[Collected data entries]
________________________

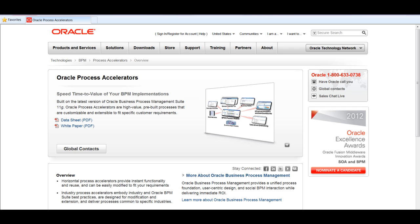Welcome to the Oracle Process Accelerators demo sessions. Oracle Process Accelerators are solutions built on top of BPM that address critical horizontal and industry business processes.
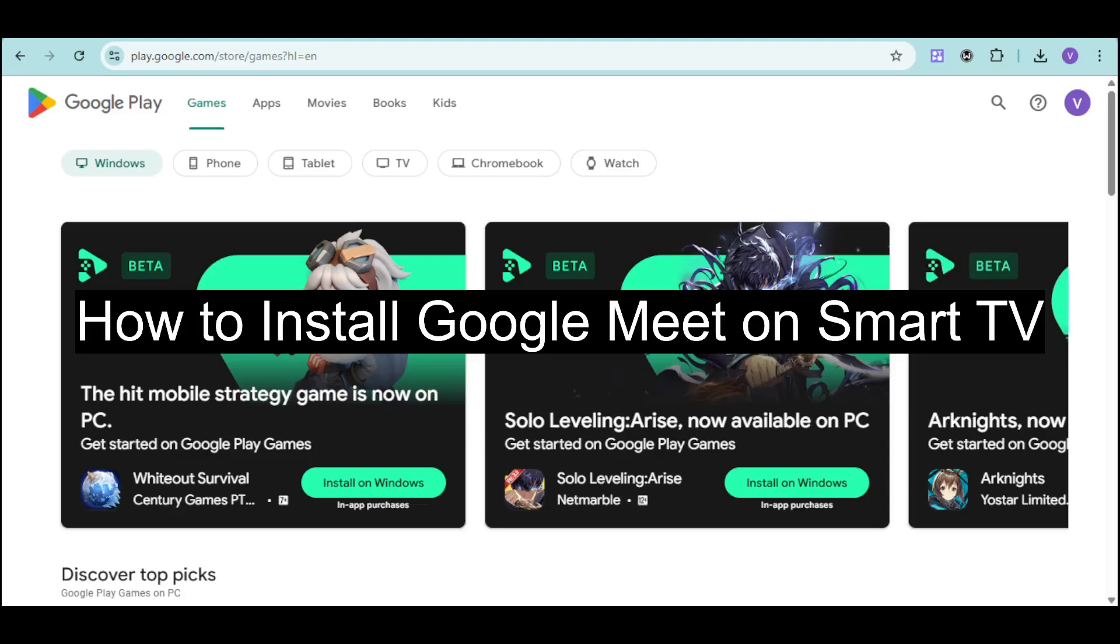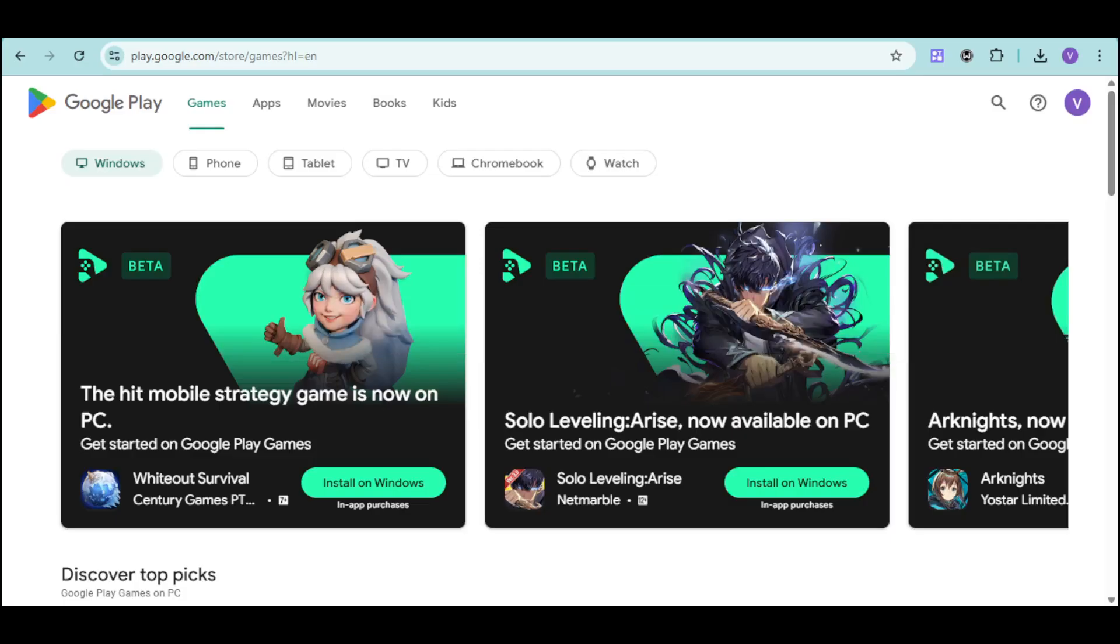Hi! In this video, I will show you how to install Google Meet on Smart TV. This one is actually dependent on what kind of Smart TV you operate. Is it an LG Smart TV or an Android Smart TV?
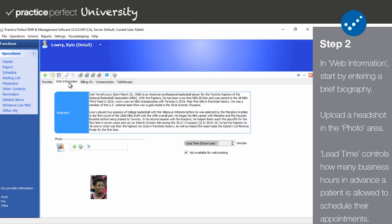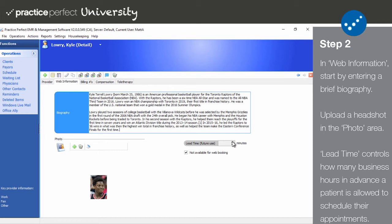Step two: click on the Web Information tab. This is where we can input some more information about your therapist, giving the patient an opportunity to learn about them. Start by filling out their biography with a brief description of this provider. Then upload a headshot of the provider in the photo section. Enter a lead time — this allows you to control how far in advance a patient is allowed to schedule their appointment and helps prevent any last-minute bookings.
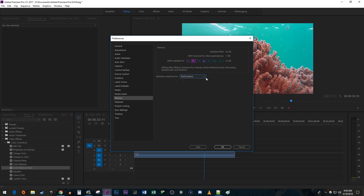Make sure Optimize Rendering for is set to Performance. And you also want to make sure RAM Reserved for Other Application is set to the lowest amount possible. For me, it's 3 gigs. Then just hit OK.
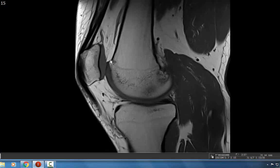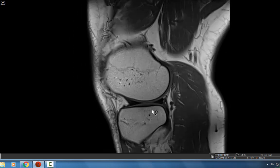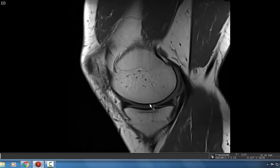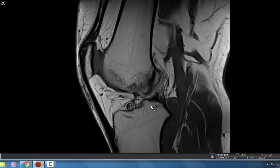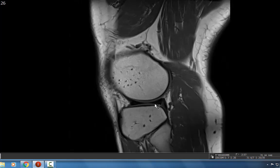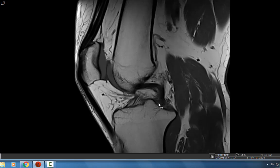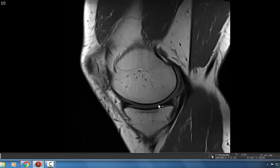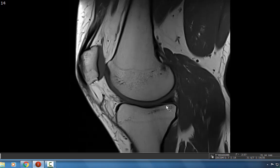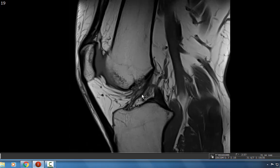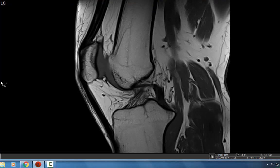I look again at the T1 to make sure the marrow looks good. The articular cartilage here is nice and gray with intermediate signal and nice thick cartilage. The menisci are also nice to evaluate on T1 — we don't see any signal approaching the articular surface to suggest tearing, just some intra-substance signal within normal limits. The ACL and PCL are both visible and intact here.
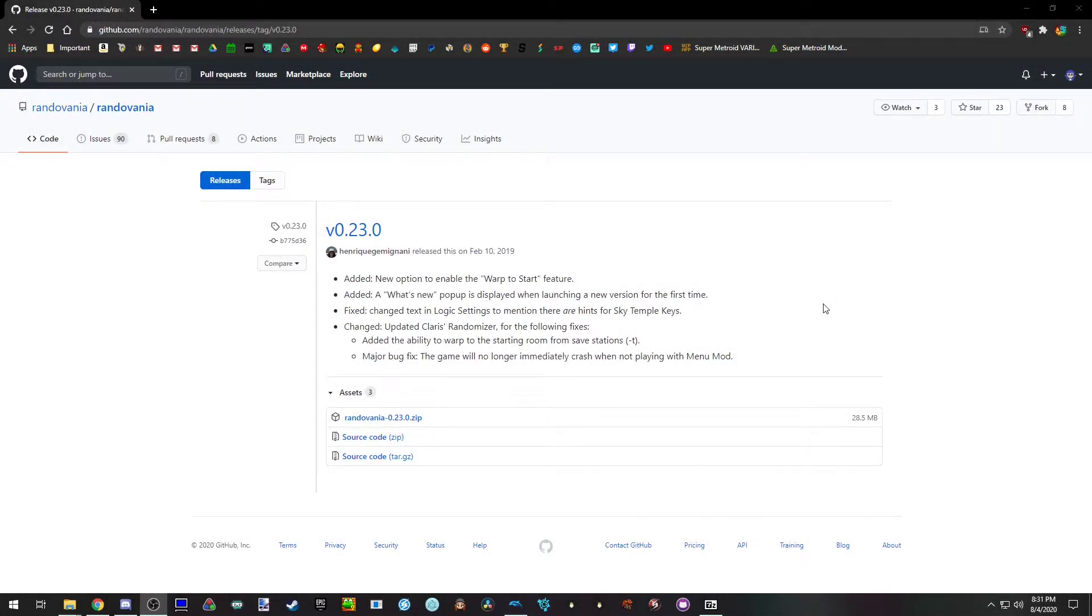Hello everyone, this is Diceron here and I'm going to teach you how to install the Metroid Prime 2 Echoes Room Randomizer. You don't know what that is?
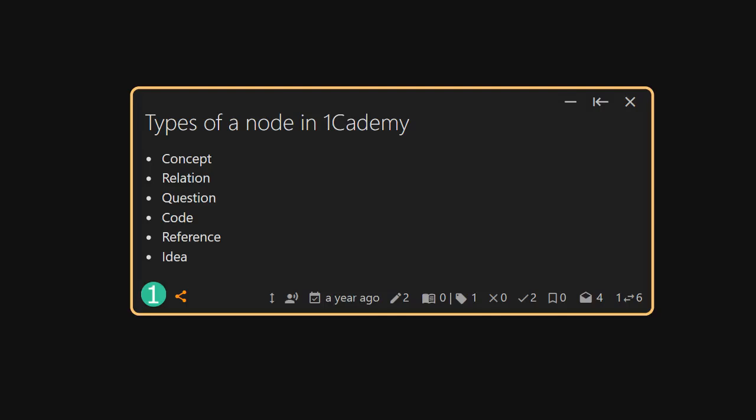Hello, and welcome to the fifth video in the series, Nodes on One Academy. In this video, we're going to give you an overview of the different types of nodes on One Academy, and in the following videos, we're going to detail the purpose of each one.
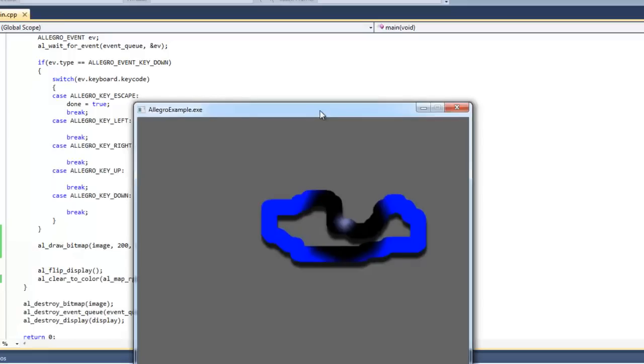Alright. So those are the two ways to do transparency in Allegro. And so far, it's just kind of like big whoop, you know, we got some transparency. But when we start doing animation, it's going to look really cool. So stay tuned. That is coming up in the next video. Thank you.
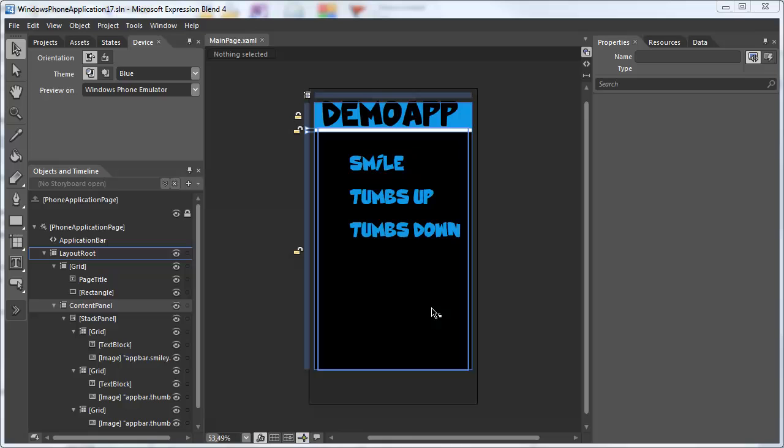Hi, in this tutorial I'd like to show you how to colorize images using Expression Blend.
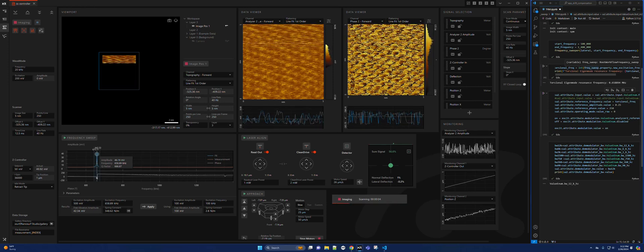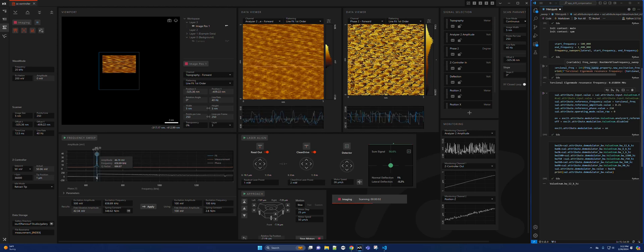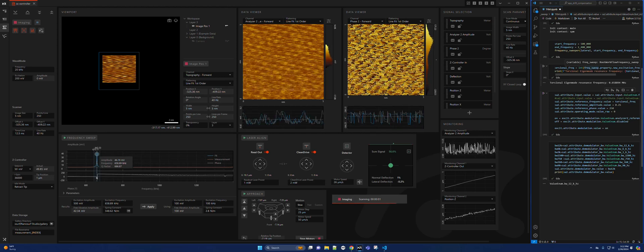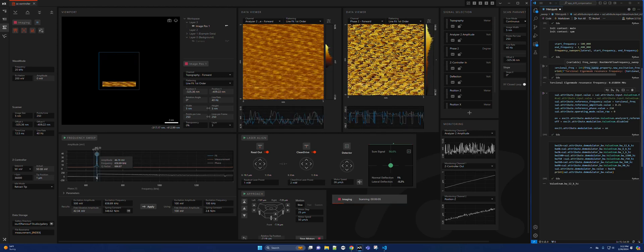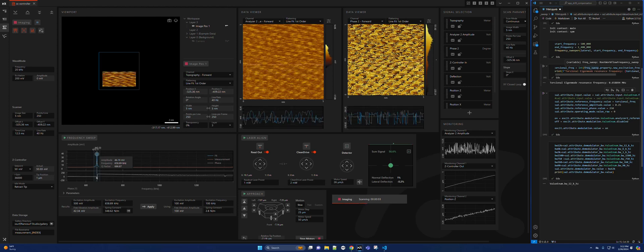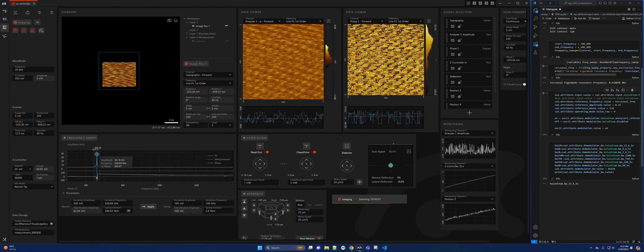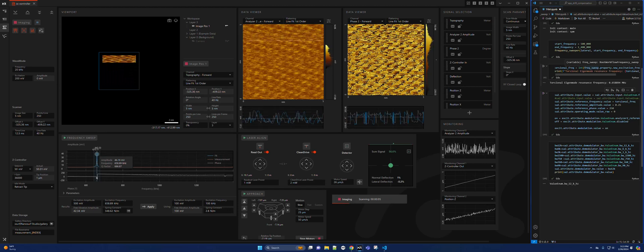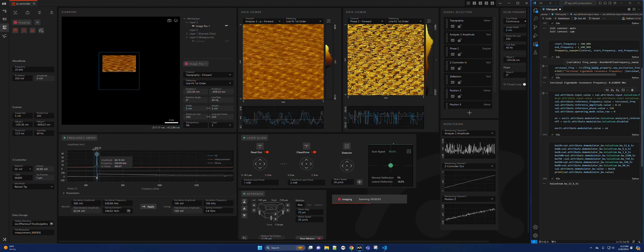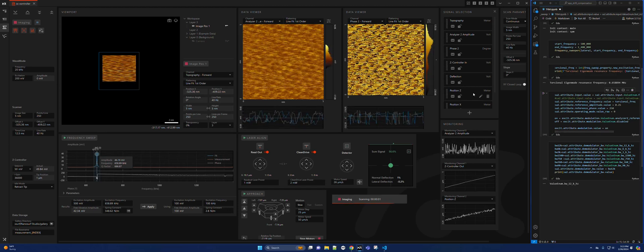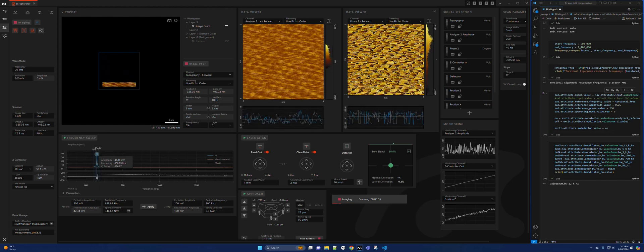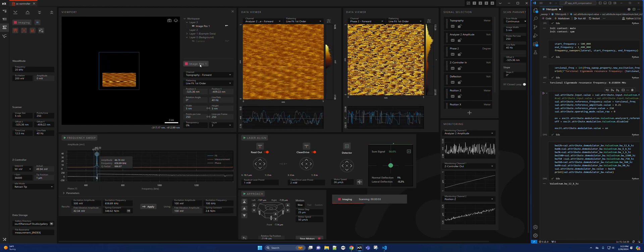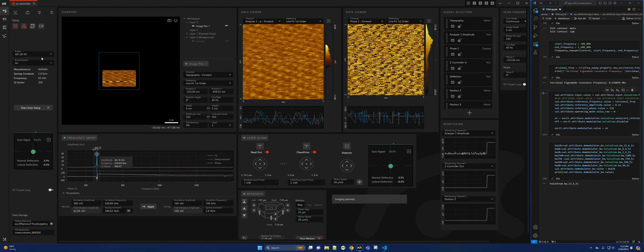This is a demo of torsional resonance mode. At the moment I am imaging a 5 by 5 nanometer scan, probably around 10 by 10 if you factor in the XY positions. As you can see, we can make out the atomic lattice of HOPG in this image. I will show you how I set this up.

________________________

→ Try it:
Pictures do not belong in the copy. Repeat only the lines from the top of the records through the line containing "Hi! In this".

→ Task result:
Welcome to the Oracle Process Accelerators demo sessions. Oracle Process Accelerators are solutions built on top of BPM that address critical horizontal and industry business processes.
Hi! In this video, I will show you how to install Google Meet on Smart TV. This one is actually dependent on what kind of Smart TV you operate. Is it an LG Smart TV or an Android Smart TV?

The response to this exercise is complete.